Были ли у Робеспьера и шедшего за ним большинства якобинцев иллюзии подобного рода? Мы должны отрицательно ответить на этот вопрос. Нет никаких оснований подвергать сомнению цитировавшуюся запись, сделанную Робеспьером для себя. Да и на практике Робеспьер с первых дней выступал против тактики переговоров с администрацией Марселя, Бордо и Лиона, открыто обвинив их в контрреволюции (к возмущению большей части депутатов Конвента).

Но и Робеспьер подчеркивал в те дни необходимость единства, единства республиканцев, — единства народа, единства «всех патриотов», «всех друзей свободы». И он возлагал большие надежды на конституцию в борьбе с федералистами.

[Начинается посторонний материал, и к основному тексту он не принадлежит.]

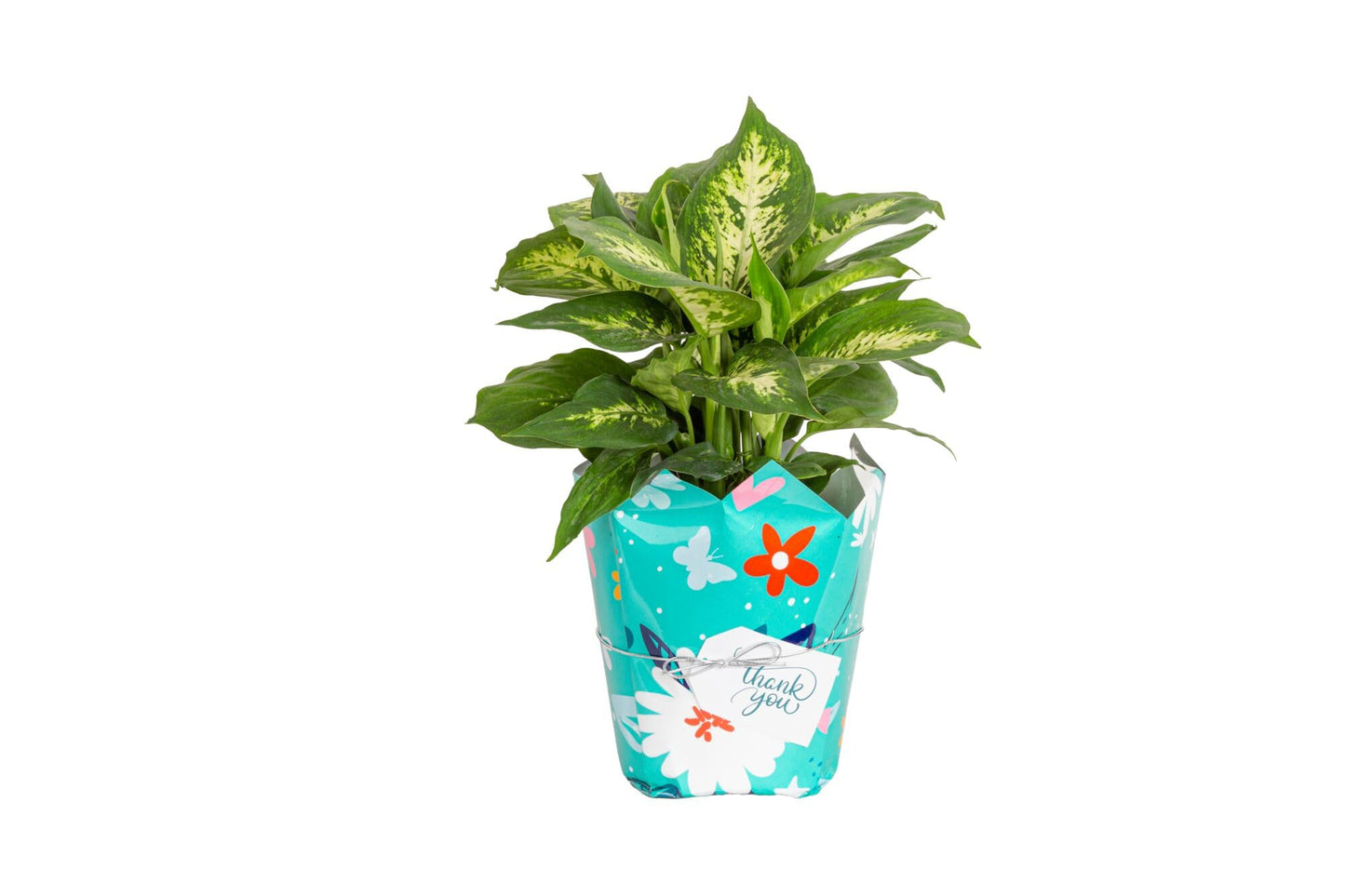 Costa Farms Dieffenbachia Live Plant Indoor, Easy Grow Light and Watering Houseplant, Potted in Indoors Garden Decor Plant Pot, Soil, Grower's Choice, Home and Office Plants Decor, 1 Foot Tall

Конституция — «таков наш ответ всем клеветникам, всем заговорщикам, обвиняющим нас в том, что мы хотим лишь анархии», — говорил Робеспьер 10 июня. Он выразил уверенность, «что все друзья свободы сплотятся вокруг этого призыва, а интриганы не осмелятся продолжать свои вероломные действия, не объявив себя врагами свободы, не доказав, что они хотели бы иметь тирана»{308}. Перед нами вырисовывается как бы контур водораздела: кто за монтаньярскую конституцию — тот за революцию, кто против — тот ее враг.

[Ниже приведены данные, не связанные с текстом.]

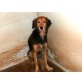 IRENE lieb und vorsichtig, Collie - Mix - Hündin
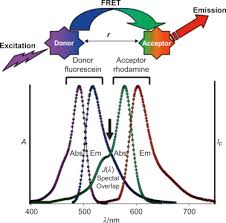 Fluorescence An Overview Sciencedirect Topics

В позиции парижских секций накануне восстания обращало на себя внимание, что скорейшего принятия новой конституции добивались преимущественно «умеренные». Для них она означала конец «анархии», однако не в собственном значении слова, а в переносном — конец революционным комитетам, революционным налогам, реквизициям, революционным трибуналам и т. п., одним словом, конец революции, которая развивалась в то время в виде подобных чрезвычайных мер и в создании чрезвычайных органов власти. Монтаньяры в лице Робеспьера, Марата, левых якобинцев — здесь вряд ли могут быть сомнения — не собирались отказываться от этой политики, обосновывая ее «законом общественного спасения». Но они должны были учитывать, во-первых, то, что Конвент был созван в сентябре 1792 г. именно для разработки новой, республиканской конституции и, во-вторых, что конституция в глазах многих французов, особенно в провинции, являлась антиподом «анархии», понимаемой как общественный хаос. Лозунг «борьбы с анархией» был знаменем федералистского мятежа, и Робеспьер так же, как его соратники, мог надеяться, что конституция, декретированная монтаньярским Конвентом, расстроит единый федералистский фронт, отколов от него, по крайней мере, низы буржуазии и другие демократические слои, попавшие под влияние прожирондистской крупной буржуазии.